Sjödén recently staged an exhibition in her native Sweden. So “we knew a bit about how to make it happen,” she said. “And nowadays we have a lot of customers in the United States, so I thought people would appreciate seeing the exhibition.”
The installation kicks off Thursday night with ASI’s First Look party and fashion show, and continues through Oct. 28. Gallery-goers can expect to see designs from Sjödén’s previous collections and textiles created with her watercolor art, plus a pop-up shop featuring clothes from her Fall 2018 collection.
Who is Gudrun Sjödén?
Sjödén finds herself curious about the Swedish community in Minnesota, adding further appeal to her collaboration with ASI. “I learned that there are people [in Minnesota] who learn Swedish even though they’ve never been to Sweden,” she said. “That is so interesting.”
Another fascination is the hardships faced by the Midwest’s first Swedes: no railroads, no roads, growing all their own food. “It was not easy at all to find a way to survive.”
Sjödén can relate to the plight of living off the land. She was born in 1941 on a farm near a small Swedish mill town. When her father was drafted into World War II, the family lived in a pavilion with no electricity or water. She passed the days racking hay and fetching firewood. She sees the experience as a positive, though, ultimately shaping her vision as an entrepreneur.
Her childhood also involved knitting and weaving, and her art school training focused on freehand drawing and painting. Along with the bright colors of the ’60s, these early influences left a permanent imprint on her style. While other textile artists of the time were consumed with political agitation and cultural disruption — the designs of Mah Jong are a notable example — Sjödén remained true to her folklore- and nature-inspired art, creating clothes in the style of Marimekko but with an aggressively feminine twist.
Since launching her fashion line in 1974, Sjödén has stuck with that style — and women around the world have stuck with her. Today, her company Gudrun Sjödén AB has 17 international stores, including shops in Manhattan and London. In January 2018, Sjödén, who still operates the business as the CEO, accepted the Ernst & Young Entrepreneur of the Year award for “best international growth.”
Who is the Gudrun Sjödén customer?
Sjödén is inspired by diverse cultural traditions — one room of the ASI exhibit is devoted to designs inspired by cultures across the world. But her customers are concentrated in northern Europe, North America and Australia.

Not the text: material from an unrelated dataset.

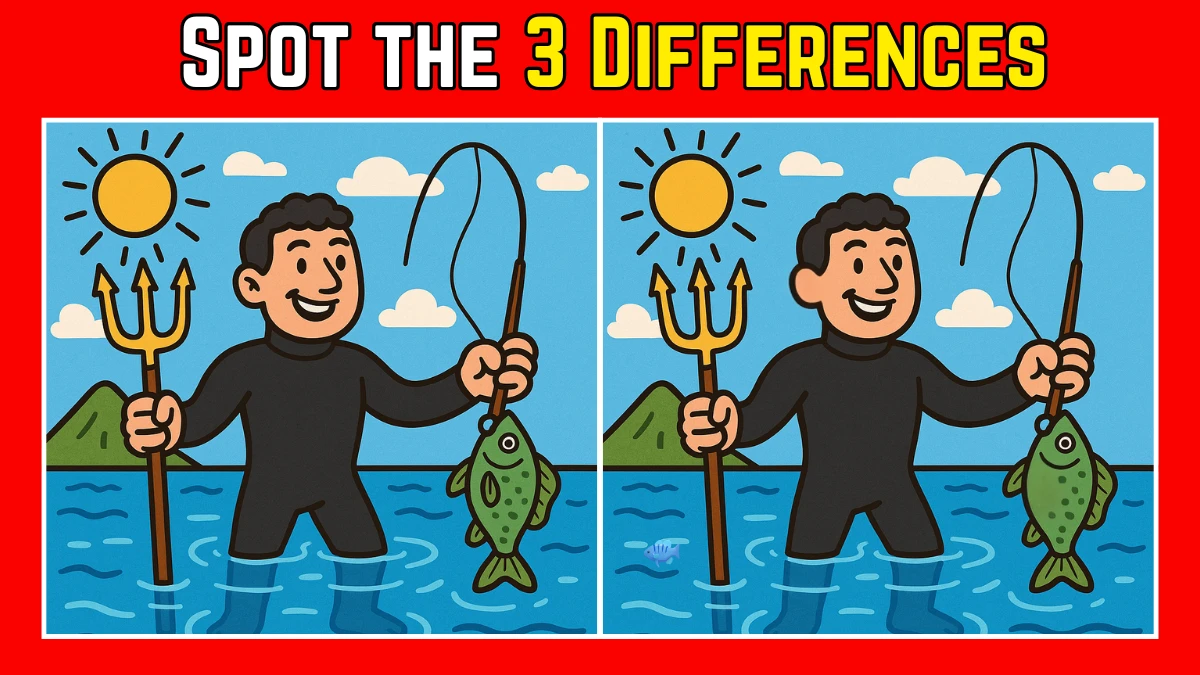 Spot the Difference: Within 7 Seconds Spot The 3 Differences in this Fisherman Image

The Sjödén customer “is a person who loves colors and culture, and who is often very social,” said Monica Ekervik Hedman, a creative director and communication executive at Gudrun Sjödén AB. At the same time, Hedman said, Sjödén’s customers have rich inner lives. Sjödén and her design team strive to create clothes for “women who have no age,” Hedman said.
Much of the label’s clientele works with children in nurseries or schools, Sjödén said. Others work jobs with strict uniforms (flight attendants, nurses) and want a 180-degree sartorial switch as soon as clocking out. “They buy from me for more colors and patterns,” she said.

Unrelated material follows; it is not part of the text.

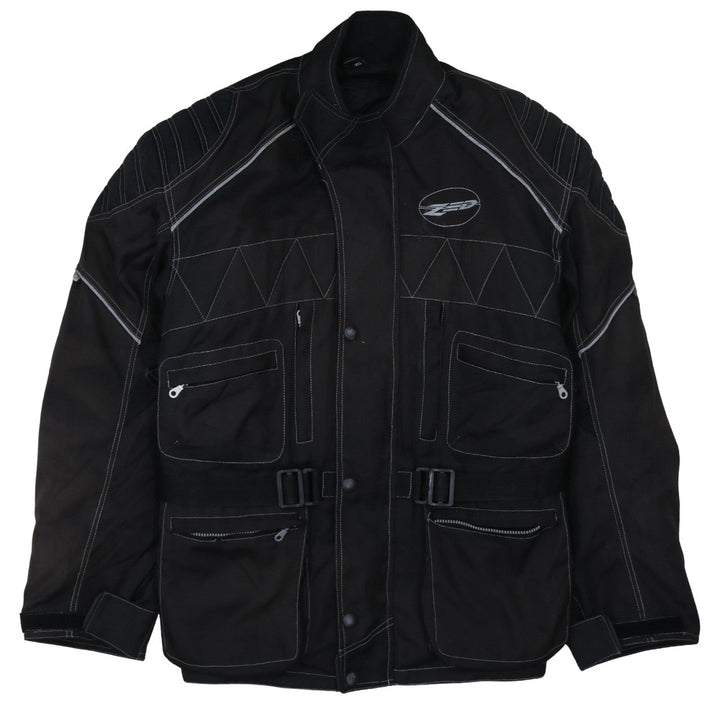 Zee Men's Black 3XL Waterproof Motorcycle Jacket with Belt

But the appeal of Sjödén’s clothes is very specific. While fans see her designs as signaling the perfect mix of whimsy and power, some find a juvenile quality in the bright colors and playful patterns — they might look better suited to a grade-schooler than an adult woman. Sjödén herself acknowledges this quality in her designs: “I really like patterns and stripes and so on, and I think maybe this is some kind of childish element.”
Cost is another factor for anyone who hopes to embrace Sjödén’s love for layering. Individual pieces are well-made (with natural and sustainable fabrics) with prices running high (clothes start at $74, scarves and shawls at $24 in the ASI pop-up shop). Put seven or eight pieces together — like the outfits styled in Sjödén’s catalogs — and you’ve got a relatively expensive get-up.
But at age 77, and as the head of one of Sweden’s most successful fashion businesses, Sjödén doesn’t pay much mind to her detractors. She’s outlasted innumerable trend-focused and politically reactionary brands, in part because her iconic style transcends the seasonal whims of the fast-fashion world.
“I am inspired by the folklore of Sweden and traditional cultures all over the world — Mexico, for example,” where the clothes are colorful and innocent, she said. “These clothes have been around for hundreds of years.”